Bilancio consolidato secondo i principi IAS/IFRS
Principi fondamentali per la redazione del bilancio consolidato
I principi internazionali (PCI) fondamentali per la redazione del bilancio consolidato sono due: lo IAS 27 e l'IFRS 3 revised, in vigore dal primo luglio del 2009. Da questi due principi emerge che il bilancio consolidato non è altro che il bilancio di un gruppo di imprese presentato come se fosse il bilancio di un unico soggetto giuridico: dato che tale ente giuridico in realtà non esiste, il bilancio deve necessariamente essere costruito a partire dai singoli bilanci delle imprese del gruppo.
Una prima conseguenza che possiamo evidenziare è che tutte le operazioni generate internamente ai confini del gruppo non devono rilevare ai fini del consolidato, perciò la nostra attenzione dovrà concentrarsi esclusivamente sugli effetti che varcano il confine del gruppo.
Obblighi secondo lo IAS 27
Secondo lo IAS 27 è obbligato a redigere il bilancio consolidato colui che ha una o più società controllate. Questo obbligo viene meno qualora la capogruppo non sia quotata o quotanda e sia controllata da altra società di livello superiore, purché i soci di minoranza, informati della mancata predisposizione, abbiano dato il consenso e la controllante di livello superiore abbia reso disponibile il consolidato redatto secondo i PCI nel registro delle imprese.
La rilevanza di questa norma è tutt'altro che marginale: accade spesso che la struttura dei gruppi sia oltremodo complessa, perciò questa semplificazione consente di evitare la redazione di innumerevoli quanto inutili consolidamenti.
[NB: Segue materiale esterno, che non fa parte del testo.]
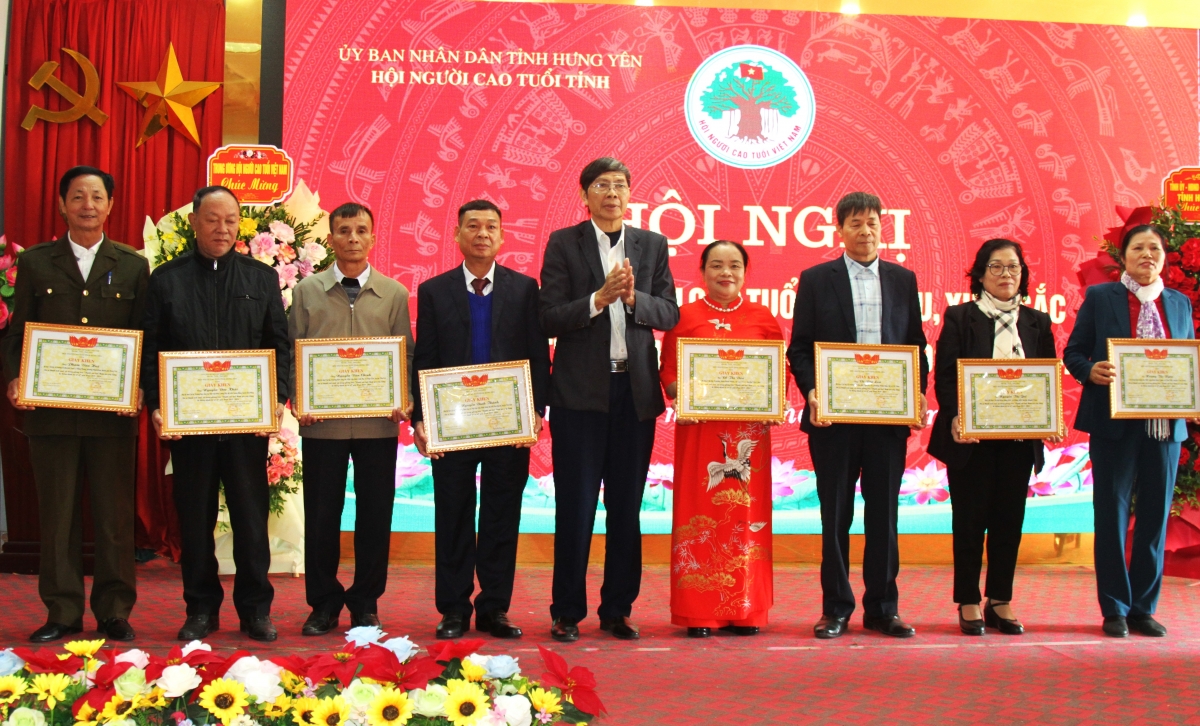 Trao Giấy khen của Hội NCT tỉnh cho các cá nhân tiêu biểu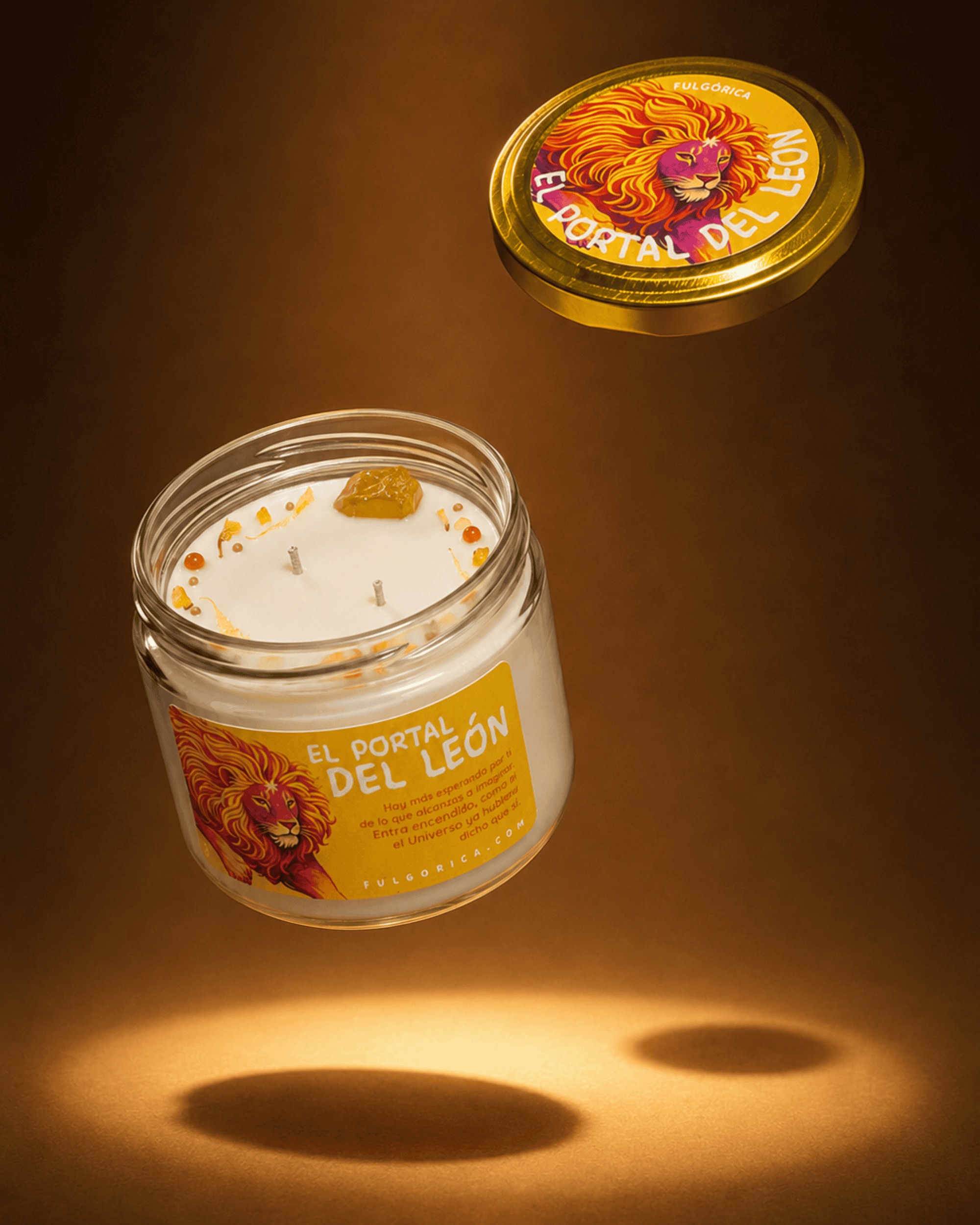 Vela Portal del León – Cuero y Cardamomo, 240 g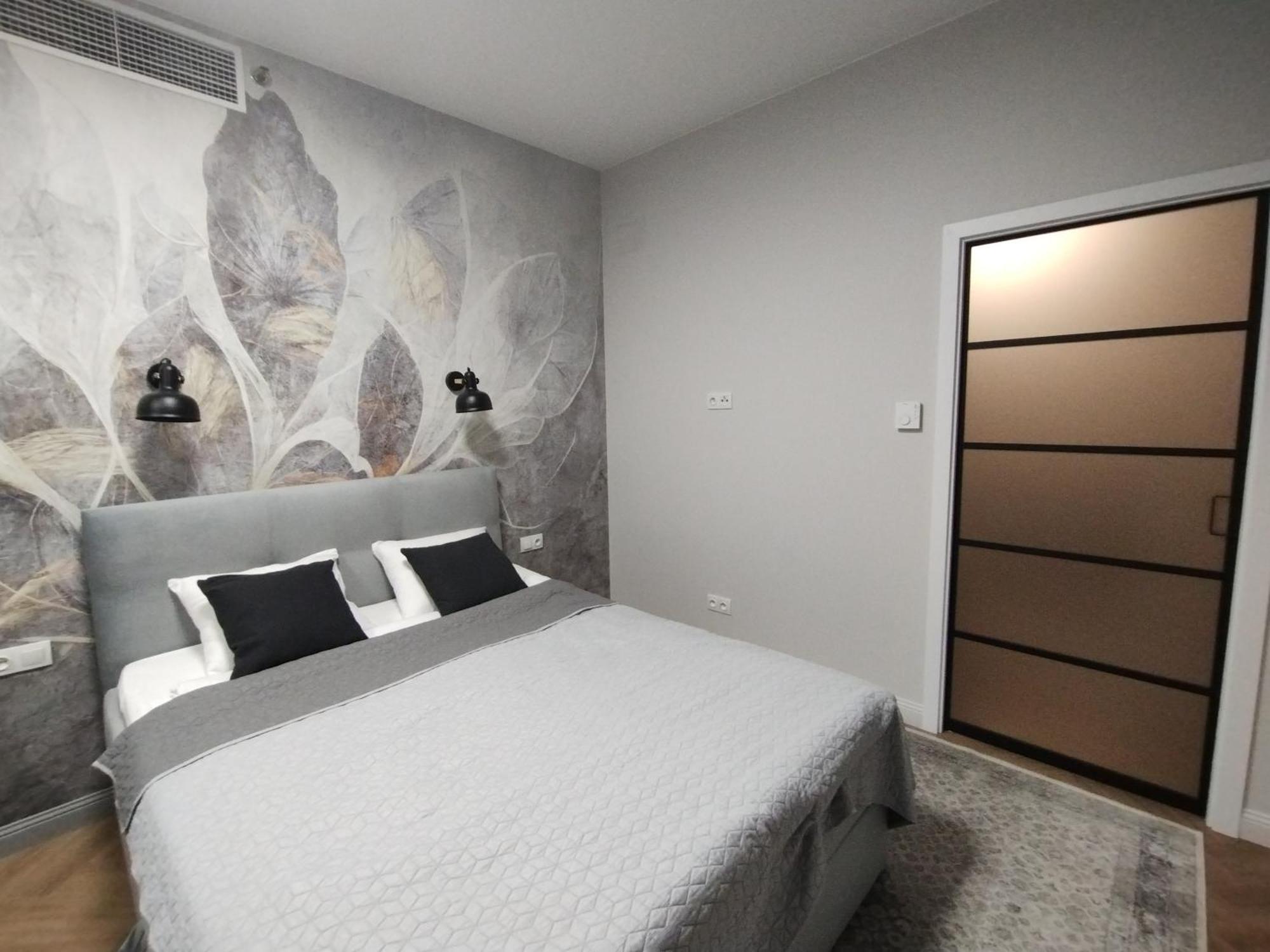 Wola Tower Deluxe Separate Bedroom With Free Garage - By Perfect Apart Warschau Exterior foto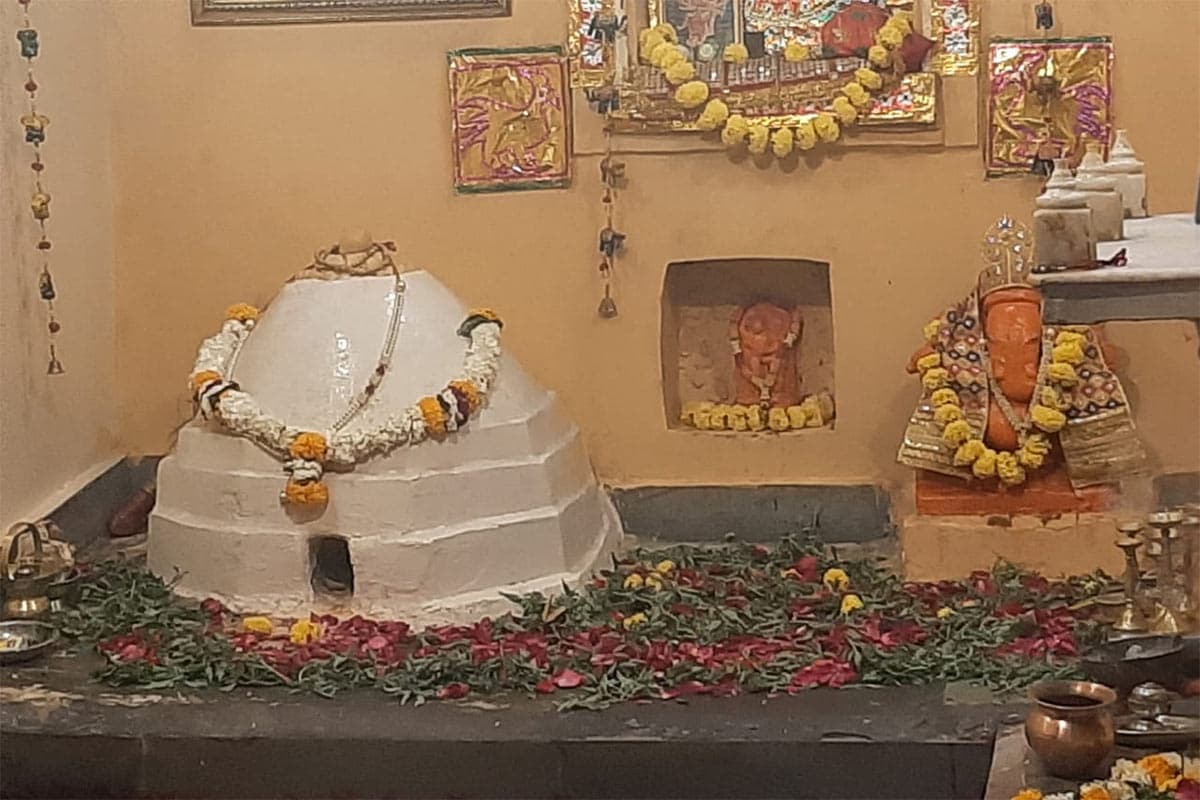 વિભુ પટેલ, અમદાવાદ: આજે (તા. 26 ફેબ્રુઆરી) અમદાવાદનો જન્મ દિવસ છે. કોરોનાની ગાઇડલાઇન પ્રમાણે આજે સાદાઈથી અમદાવાદના જન્મ દિવસની ઉજવણી કરવામાં આવી હતી. આ પ્રસંગે ગુરુ માણેકનાથ ગાદીના 13મા મહંત ચંદનનાથજીએ આરતી તેમજ પુષ્પાંજલિ અર્પણ કરી હતી. ગુરૂ માણેકનાથજી સમાધિ સ્થાન પર વિશેષ આરતી કરાઈ હતી. તેમજ જ્યાં પ્રથમ ઈંટ મૂકાઈ હતી તે જગ્યાની આરતી કરાઈ છે. કહેવાય છે કે અમદાવાદનો અમૂલ્ય વારસો ગુરુ માણેકજીના આશીર્વાદથી મળ્યો છે. વિભુ પટેલ, અમદાવાદ: આજે (તા. 26 ફેબ્રુઆરી) અમદાવાદનો જન્મ દિવસ છે. કોરોનાની ગાઇડલાઇન પ્રમાણે આજે સાદાઈથી અમદાવાદના જન્મ દિવસની ઉજવણી કરવામાં આવી હતી. આ પ્રસંગે ગુરુ માણેકનાથ ગાદીના 13મા મહંત ચંદનનાથજીએ આરતી તેમજ પુષ્પાંજલિ અર્પણ કરી હતી. ગુરૂ માણેકનાથજી સમાધિ સ્થાન પર વિશેષ આરતી કરાઈ હતી. તેમજ જ્યાં પ્રથમ ઈંટ મૂકાઈ હતી તે જગ્યાની આરતી કરાઈ છે. કહેવાય છે કે અમદાવાદનો અમૂલ્ય વારસો ગુરુ માણેકજીના આશીર્વાદથી મળ્યો છે.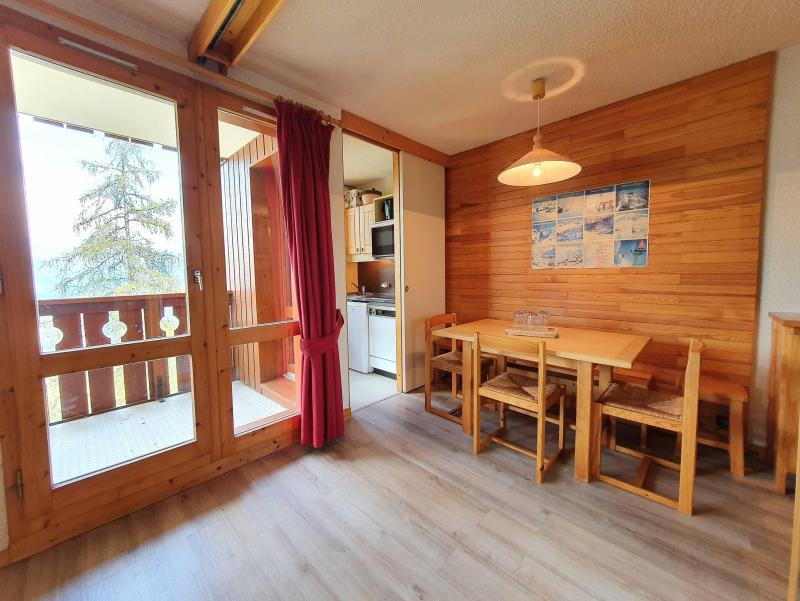 Rent in ski resort Studio 4 people (016) - La Résidence la Lanterne - Montchavin La Plagne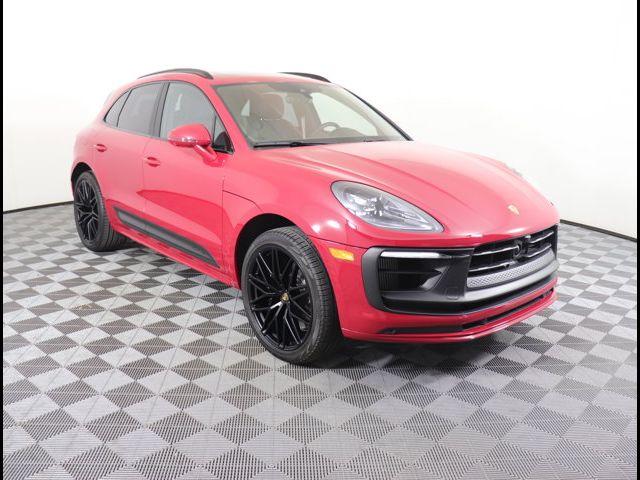 2024 Porsche Macan GTS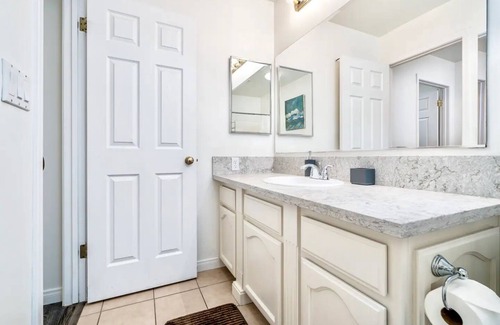 Greenacres Casa | Perfect Private Getaway Near Downtown Bakersfield!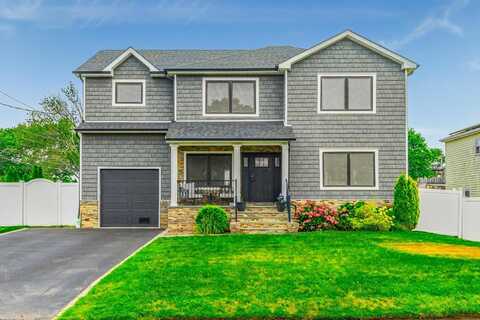 603 Granada Parkway, Lindenhurst, NY 11757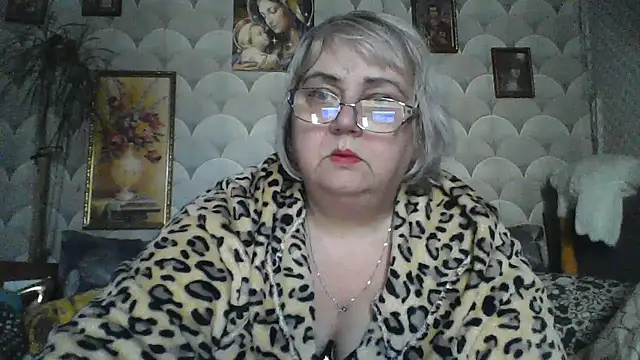 Snapshot of MarinaFarina53 chatting on July 2026 04:26:02 AM MarinaFarina53 online show from July 2026 04:26:02 AM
Confini dell'area di consolidamento
Fondamentale è ora capire quali siano i confini dell'area di consolidamento e quindi quali società debbano essere incluse. Lo IAS 27 statuisce che il bilancio consolidato deve includere la controllante e le sue controllate: il consolidamento prevede l'inclusione di una controllata dal momento in cui la capogruppo ne ottiene il controllo e anche se questa svolge attività dissimili.
Definizione di controllo
A questo punto nasce spontaneo un quesito: cosa si intende per controllo? Il paragrafo 4 del principio in questione definisce il controllo come il potere di determinare le politiche gestionali e finanziarie di una società al fine di ottenere benefici dalle sue attività; nella pratica questo controllo può assumere le forme di:
- Un controllo di diritto: in questo caso il controllo è presunto in virtù del possesso, diretto o indiretto, del 50% + 1 dei voti nell'assemblea ordinaria della controllata. Possono eventualmente esserci accordi o situazioni in cui esista lo spossessamento di tale potere, ma si tratta di casi molto rari e da dimostrare.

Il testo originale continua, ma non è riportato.